▶ [Your assignment]: Write out the lines of the material below exactly, beginning at the line with "A silver plated" and stopping after the line with "a view of a", and leave out the pictures.

▶ [Records for the task]:
[Start of section]
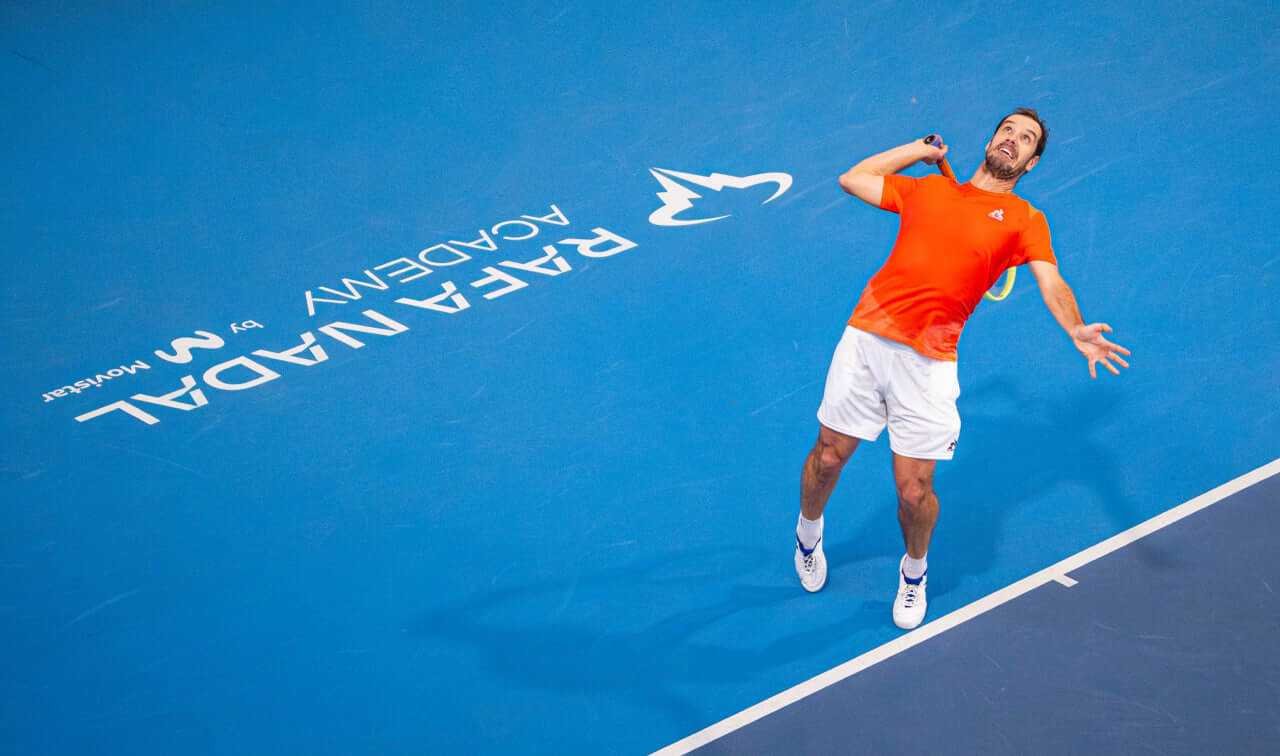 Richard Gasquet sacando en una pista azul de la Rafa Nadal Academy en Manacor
[End of section]
[Start of section]
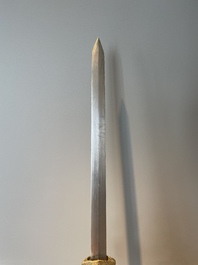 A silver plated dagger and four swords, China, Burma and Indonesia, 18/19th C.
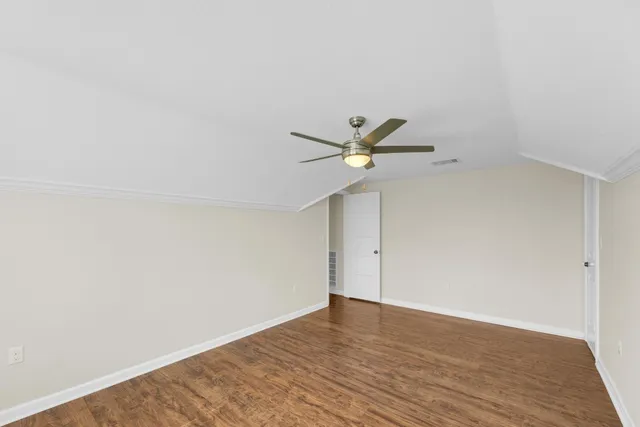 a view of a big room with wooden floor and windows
[End of section]
[Start of section]
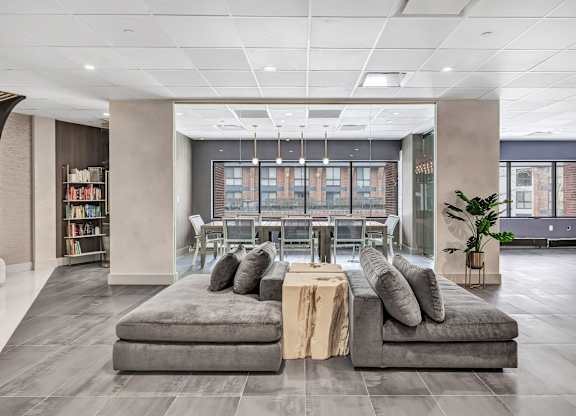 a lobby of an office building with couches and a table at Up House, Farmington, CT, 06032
[End of section]
▶ [Written response]:
 A silver plated dagger and four swords, China, Burma and Indonesia, 18/19th C.
 a view of a big room with wooden floor and windows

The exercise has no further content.